▶ [EXERCISE DETAILS]
Produce an exact transcript of all the records.

[[ ENTRIES PROVIDED, beginning ]]

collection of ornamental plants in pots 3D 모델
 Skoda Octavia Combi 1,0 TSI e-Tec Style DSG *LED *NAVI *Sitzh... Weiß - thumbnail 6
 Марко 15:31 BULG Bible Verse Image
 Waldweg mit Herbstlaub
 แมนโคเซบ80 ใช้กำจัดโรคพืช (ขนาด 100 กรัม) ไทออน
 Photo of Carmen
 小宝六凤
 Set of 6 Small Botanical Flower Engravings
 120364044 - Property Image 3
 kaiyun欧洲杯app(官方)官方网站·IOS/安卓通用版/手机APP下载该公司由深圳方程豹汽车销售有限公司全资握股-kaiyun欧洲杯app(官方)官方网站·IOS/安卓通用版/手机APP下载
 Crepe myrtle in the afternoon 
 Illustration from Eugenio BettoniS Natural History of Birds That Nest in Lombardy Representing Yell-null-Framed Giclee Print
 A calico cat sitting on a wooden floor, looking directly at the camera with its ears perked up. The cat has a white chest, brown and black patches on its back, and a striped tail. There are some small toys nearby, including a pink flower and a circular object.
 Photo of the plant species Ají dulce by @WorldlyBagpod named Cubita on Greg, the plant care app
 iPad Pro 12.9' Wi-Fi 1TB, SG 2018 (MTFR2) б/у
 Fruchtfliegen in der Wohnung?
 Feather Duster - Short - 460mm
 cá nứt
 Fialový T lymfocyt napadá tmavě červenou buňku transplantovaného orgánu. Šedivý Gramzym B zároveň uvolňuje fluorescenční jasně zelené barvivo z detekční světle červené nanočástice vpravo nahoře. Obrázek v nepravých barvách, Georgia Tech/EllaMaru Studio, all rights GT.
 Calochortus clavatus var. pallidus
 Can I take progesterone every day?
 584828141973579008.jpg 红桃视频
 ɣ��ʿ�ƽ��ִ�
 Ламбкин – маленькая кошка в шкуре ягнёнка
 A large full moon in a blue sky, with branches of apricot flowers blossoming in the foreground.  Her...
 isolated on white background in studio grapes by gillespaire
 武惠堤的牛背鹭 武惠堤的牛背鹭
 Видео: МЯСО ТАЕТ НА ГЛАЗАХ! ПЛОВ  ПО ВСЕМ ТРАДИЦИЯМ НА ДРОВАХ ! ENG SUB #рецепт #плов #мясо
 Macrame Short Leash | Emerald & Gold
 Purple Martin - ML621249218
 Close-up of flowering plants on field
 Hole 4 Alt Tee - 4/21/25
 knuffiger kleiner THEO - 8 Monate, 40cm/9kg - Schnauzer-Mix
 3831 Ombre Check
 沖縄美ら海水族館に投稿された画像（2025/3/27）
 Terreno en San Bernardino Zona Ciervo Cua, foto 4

[[ ENTRIES PROVIDED, end ]]

▶ [EXERCISE RESPONSE]
collection of ornamental plants in pots 3D 모델
 Skoda Octavia Combi 1,0 TSI e-Tec Style DSG *LED *NAVI *Sitzh... Weiß - thumbnail 6
 Марко 15:31 BULG Bible Verse Image
 Waldweg mit Herbstlaub
 แมนโคเซบ80 ใช้กำจัดโรคพืช (ขนาด 100 กรัม) ไทออน
 Photo of Carmen
 小宝六凤
 Set of 6 Small Botanical Flower Engravings
 120364044 - Property Image 3
 kaiyun欧洲杯app(官方)官方网站·IOS/安卓通用版/手机APP下载该公司由深圳方程豹汽车销售有限公司全资握股-kaiyun欧洲杯app(官方)官方网站·IOS/安卓通用版/手机APP下载
 Crepe myrtle in the afternoon 
 Illustration from Eugenio BettoniS Natural History of Birds That Nest in Lombardy Representing Yell-null-Framed Giclee Print
 A calico cat sitting on a wooden floor, looking directly at the camera with its ears perked up. The cat has a white chest, brown and black patches on its back, and a striped tail. There are some small toys nearby, including a pink flower and a circular object.
 Photo of the plant species Ají dulce by @WorldlyBagpod named Cubita on Greg, the plant care app
 iPad Pro 12.9' Wi-Fi 1TB, SG 2018 (MTFR2) б/у
 Fruchtfliegen in der Wohnung?
 Feather Duster - Short - 460mm
 cá nứt
 Fialový T lymfocyt napadá tmavě červenou buňku transplantovaného orgánu. Šedivý Gramzym B zároveň uvolňuje fluorescenční jasně zelené barvivo z detekční světle červené nanočástice vpravo nahoře. Obrázek v nepravých barvách, Georgia Tech/EllaMaru Studio, all rights GT.
 Calochortus clavatus var. pallidus
 Can I take progesterone every day?
 584828141973579008.jpg 红桃视频
 ɣ��ʿ�ƽ��ִ�
 Ламбкин – маленькая кошка в шкуре ягнёнка
 A large full moon in a blue sky, with branches of apricot flowers blossoming in the foreground.  Her...
 isolated on white background in studio grapes by gillespaire
 武惠堤的牛背鹭 武惠堤的牛背鹭
 Видео: МЯСО ТАЕТ НА ГЛАЗАХ! ПЛОВ  ПО ВСЕМ ТРАДИЦИЯМ НА ДРОВАХ ! ENG SUB #рецепт #плов #мясо
 Macrame Short Leash | Emerald & Gold
 Purple Martin - ML621249218
 Close-up of flowering plants on field
 Hole 4 Alt Tee - 4/21/25
 knuffiger kleiner THEO - 8 Monate, 40cm/9kg - Schnauzer-Mix
 3831 Ombre Check
 沖縄美ら海水族館に投稿された画像（2025/3/27）
 Terreno en San Bernardino Zona Ciervo Cua, foto 4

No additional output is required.